COGNITIVE-BEHAVIORAL THERAPIES

Psychological therapy options are regarded as the gold standard for the treatment of depressive and anxiety disorders. Cognitive behavioral therapy (CBT) is an umbrella term for the set of therapeutic methods that finds its roots in the conditioning theories. It focuses on improving psychological well-being by challenging negative thoughts and related dysfunctional behavior (such as avoidance). Recently, acceptance and commitment therapy (ACT), a ‘third-generation’ CBT method, has specifically received attention for the treatment of depressive and anxiety disorders in individuals with chronic illness. ACT, based on the relational frame theory, aims to strengthen two axes of psychological flexibility: mindfulness and acceptance processes, and behavioral change and committed action to personal values (see, e.g., [7]).

The neural correlates of CBT for the treatment of anxiety and depression are still largely unknown, in PD but also in the general population. A hypothesized mechanism of action of CBT is that CBT may strengthen brain circuits that are, for example, involved in cognitive control (frontoparietal network), emotion regulation and response inhibition (cortico-striato-thalamo-cortical circuits). One study in PD found evidence for normalization of disrupted connectivity in the limbic and fear circuits, in addition to improved cognitive control by enhanced connectivity within and between the central executive and salience resting-state networks, following CBT for the treatment of anxiety symptoms [8]. More research is needed to gain a better understanding of the effect of CBT on brain circuitry.

In the general adult population, CBT is regarded as an evidence-based intervention for depressive disorders and anxiety disorders including panic disorder, generalized anxiety disorder and social anxiety disorder [9]. The effect sizes of CBT for the treatment of depression and anxiety disorders in the general population are small to moderate (as compared with usual care) [10]. Moreover, the effects are durable [11] and, for most disorders, equal to those of taking antidepressant medication [12]. While psychological interventions for elderly individuals were long thought to be ineffective, nowadays this belief has been refuted [13, 14]. Also, cognitive impairment is often viewed by clinicians as a contra-indication for the use of CBT, but there is meta-analytic—albeit uncertain—evidence that with adaptations, CBT can improve mental health in cognitively impaired individuals [15].

In PD, the use of CBT for the treatment of depressive and anxiety disorders is increasingly common in clinical practice.
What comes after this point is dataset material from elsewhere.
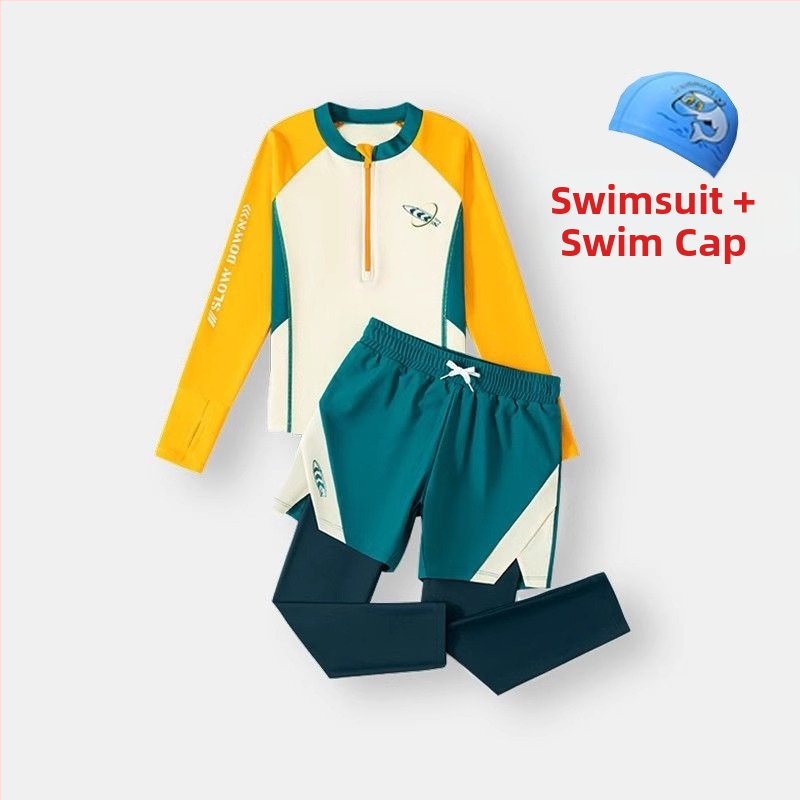 Berniukų dviejų dalių plaukimo komplektas su ilgomis rankovėmis ir ilgomis kelnių, saulės apsauga — poliesterio audinys 85%, poliesterio pamušalas 85%, svoris 150–300 g/m², plaukimui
In general, CBT has shown large, positive effects for the treatment of anxiety symptoms (Standardized mean difference (SMD) –0.85, 95% Confidence Interval (CI) –1.12 to –0.58, p < 0.001, I² = 0%), and large but heterogeneous effects for the treatment of depression compared with waiting-list or treatment as usual control groups (SMD –0.83, 95% CI –1.26 to –0.40, p < 0.001, I² = 55%) [16]. CBT, including mindfulness-based methods like ACT, can additionally improve psychological distress in persons living with neurologic diseases including PD [17]. There are individual studies suggesting durability of CBT effects in PD [18, 19] but more evidence from randomized clinical trials (RCTs) is needed, specifically given the progressive neurodegenerative nature of the disease. Remission rates of depressive and anxiety disorders after CBT have rarely been studied in PD to date.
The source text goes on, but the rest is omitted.